Writing in his column for the Daily Telegraph, the mayor of London said some children should be removed from their families to stop them being taught the kind of "mad yearning for murder and death" espoused by the killers of Fusilier Lee Rigby.

Johnson told London radio station LBC Radio during his monthly phone-in that children exposed to extreme views by BNP members could also be taken into care.

In his article, Johnson wrote: "We know that the problem of radicalisation is not getting conspicuously worse – but nor is it going away. There are a few thousand people in London – the 'low thousands', they say – who are of interest to the security services and a huge amount of work goes into monitoring those people, and into making sure their ranks are not swelled by new victims of radicalisation.

We are watching like hawks to see who comes back from Syria, and the ideas they may have picked up
- Boris Johnson

"What has been less widely understood is that some young people are now being radicalised at home by their parents or by their stepparents. It is estimated that there could be hundreds of children – especially those who come within the orbit of the banned extremist group al-Muhajiroun – who are being taught crazy stuff: the kind of mad yearning for murder and death that we heard from Lee Rigby's killers."

Johnson said there had been a reluctance by social services to intervene in the behaviour of certain groups even when police had evidence because it was not clear that the "safeguarding law" would support such action.

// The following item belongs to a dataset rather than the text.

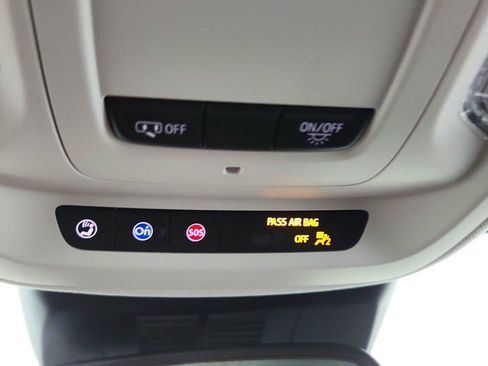 Used 2025 Buick Envision Preferred AWD/4WD image 35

Michael Adebolajo and Michael Adebowale were found guilty
Michael Adebolajo and Michael Adebowale were found guilty of the murder of fusilier Lee Rigby in Woolwich Reuters

He added: "A child may be taken into care if he or she is being exposed to pornography or is being abused – but not if the child is being habituated to this utterly bleak and nihilistic view of the world that could lead them to become murderers.

"I have been told of at least one case where the younger siblings of a convicted terrorist are well on the road to radicalisation – and it is simply not clear that the law would support intervention."

"This is absurd. The law should obviously treat radicalisation as a form of child abuse. It is the strong view of many of those involved in counter-terrorism that there should be a clearer legal position, so that those children who are being turned into potential killers or suicide bombers can be removed into care – for their own safety and for the safety of the public."

When asked if children of BNP members who spread racial hatred should also be taken away, Johnson told LBC Radio it could be justified in the most "extreme cases".

He added: "It all depends on the interests of the child. It depends what is happening. If that child is being taught to want to commit crime, or be full of hate, then I imagine you might contemplate such a thing."

Michael Adebolajo was handed a whole-life sentence for the murder of Rigby in Woolwich. His accomplice Michael Adebowale was handed a life sentence with a minimum term of 45 years.

During the trial, Adebolajo told the court he was acting as a "soldier of Allah".